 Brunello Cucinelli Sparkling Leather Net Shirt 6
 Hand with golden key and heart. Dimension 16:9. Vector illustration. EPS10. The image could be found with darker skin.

● ● ● ●

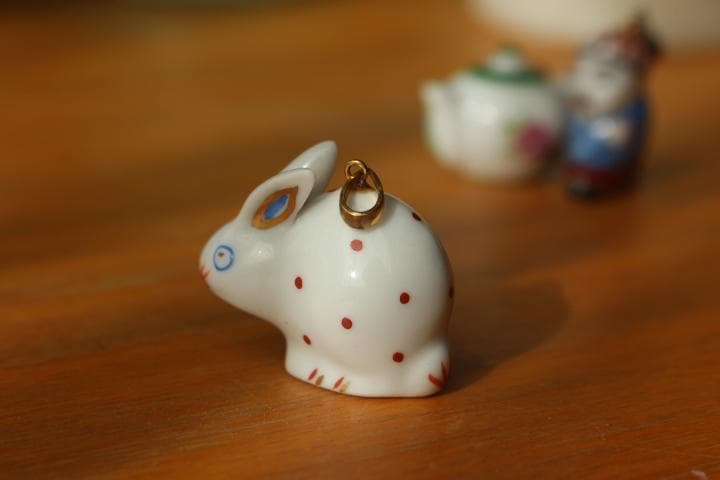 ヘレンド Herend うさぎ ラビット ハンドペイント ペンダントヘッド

● ● ● ●

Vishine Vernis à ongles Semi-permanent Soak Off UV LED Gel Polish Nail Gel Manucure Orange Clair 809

● ● ● ●

**Instructions to follow**
One stretch of the lines above is wanted, from the line that contains "Brunello Cucinelli Sparkling" through the line that contains "Hand with golden". Output it exactly.

**Answer below**
 Brunello Cucinelli Sparkling Leather Net Shirt 6
 Hand with golden key and heart. Dimension 16:9. Vector illustration. EPS10. The image could be found with darker skin.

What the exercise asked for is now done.